Le préfet avait demandé une adaptation. La réponse du ministère, qui est arrivée il y a quelques jours, est une fin de non-recevoir. J’entends, dans votre réponse, qu’il y a peut-être une ouverture. Je voudrais me faire auprès de vous, madame le ministre, l’interprète des maires et relayer la demande de mes collègues Gilles Lurton et Thierry Benoit que Mme Royal se rende en personne sur place ; je sais qu’elle n’y était pas hostile et que le principe d’une telle visite avait été entériné.

Je vous prie de bien vouloir lui transmettre notre demande renouvelée, de telle sorte qu’elle puisse, dans l’esprit de dialogue que vous venez d’évoquer, se rendre compte par elle-même de la réalité des situations et entendre les arguments des acteurs économiques et des élus. Il importe de débloquer rapidement la situation. (Mme la ministre acquiesce.)

avenir des départements

M. le président. La parole est à M. Jean Boyer, auteur de la question n° 857, transmise à Mme la ministre de la décentralisation et de la fonction publique.

M. Jean Boyer. Madame la ministre, je souhaiterais attirer votre attention sur l’avenir des départements. Il semblerait que les dernières réflexions gouvernementales s’orientent vers le maintien d’un certain nombre d’entre eux, qualifiés de « ruraux ».

En tant qu’élu d’un tel département, je me réjouis, et avec moi nombre de mes collègues, que le Premier ministre ait décidé le maintien de certains départements ruraux : cette décision était indispensable au regard de l’aménagement du territoire.

En effet, nous le savons tous, il y a plusieurs catégories de départements. Dans le mien, par exemple, l’habitat moyen est parmi les plus élevés de France et les zones de revitalisation rurale, les ZRR, couvrent vingt-deux cantons sur trente-cinq. Dans de tels départements, la faible densité de population et l’étendue de l’espace à gérer nécessitent le recours à une solidarité nationale.

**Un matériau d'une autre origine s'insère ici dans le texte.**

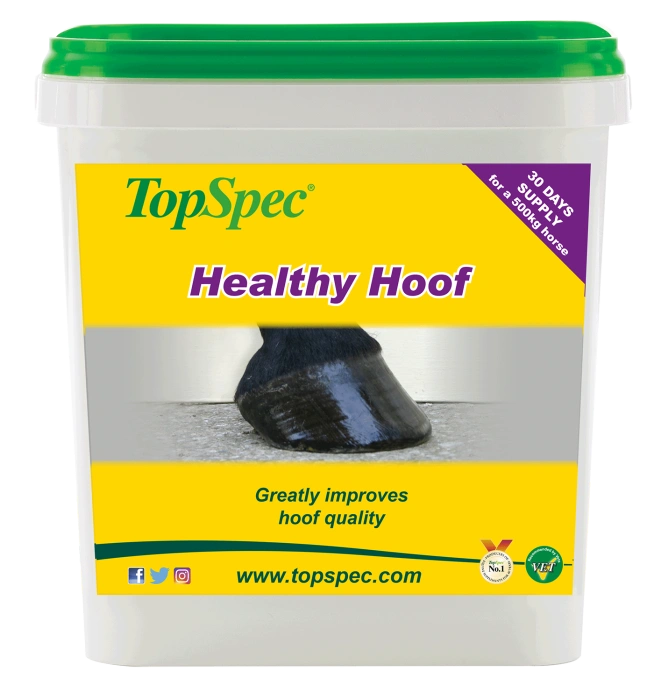 TopSpec Healthy Hoof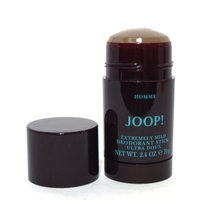 JOOP! HOMME EXTREMELY MILD DEODORANT STICK 2.4oz 75ml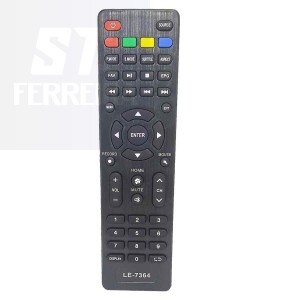 CONTROLE REMOTO TV HQ LCD (LE-7364)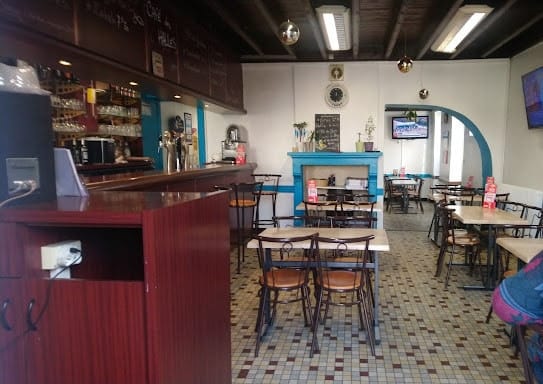 Café des Halles — photo 3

Cette décision du Premier ministre devrait permettre de garder une proximité indispensable à la vie de nos communes. Un département rural doit avoir une identité, une complémentarité, une spécificité.

Cette décision positive me donne l’occasion de dire que si les communes n’existaient pas, il faudrait aujourd’hui les créer, les mettre en place. La population d’une commune rurale, comme je le dis régulièrement ici depuis treize ans, pourrait être accueillie dans un seul immeuble, dans une seule copropriété, dont il suffirait alors d’entretenir les équipements, l’environnement. Mais une commune de 200 habitants a des dizaines de kilomètres de chemins à entretenir, ainsi que les différents réseaux nécessaires à la vie quotidienne.

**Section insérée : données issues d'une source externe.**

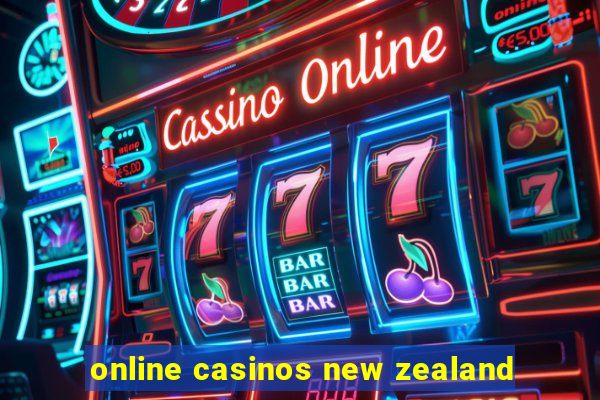 online casinos new zealand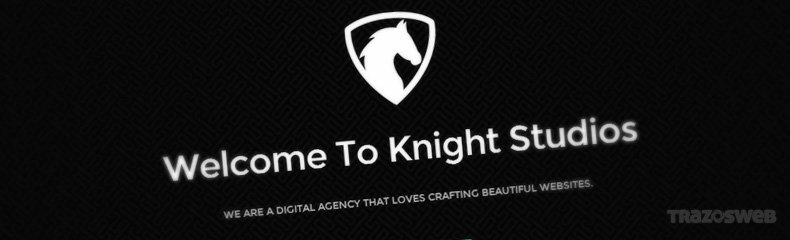 Knight HTML/CSS Template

Dans le prolongement de cette analyse communale, je ferai remarquer que la population d’un département comme la Haute-Loire – beaucoup d’autres sont dans le même cas – pourrait tenir dans une banlieue ou dans une ville, où elle pourrait jouir de certaines richesses naturelles et économiques, sans avoir à gérer tous les espaces.

Oui, le département doit demeurer. Or, madame la ministre, je vous le dis très franchement et sans aucune démagogie : les départements ruraux s’interrogent sur leur avenir. On le souligne souvent, un département rural a un espace à gérer, sa population est en moyenne beaucoup plus âgée que celle d’autres départements. Mes chers collègues, n’opposons pas la France urbaine et la France rurale : elles sont complémentaires ; elles ont toutes les deux leur vocation.

Dès lors, madame la ministre, quels seront les critères retenus pour définir l’identité des départements ruraux ? Surtout, quelles compétences et quels moyens seront affectés à ces derniers ?

Depuis 1789 et la naissance de notre République, notre pays a connu bien des vicissitudes. Aujourd’hui, c’est la loi de la jungle économique mondiale qui alimente les inquiétudes, particulièrement dans les départements ruraux. La réforme projetée des structures communales, intercommunales ou départementales nous dissimule l’essentiel. Cela étant, je sais que les choses ne sont pas faciles : je n’ai jamais été un partisan du « y a qu’à, faut qu’on ».

Répondez-nous simplement, sans langue de bois, sur l’avenir des départements ruraux, madame la ministre : je suis Auvergnat, et je sais que vous n’êtes pas Normande !

M. le président. La parole est à Mme la ministre.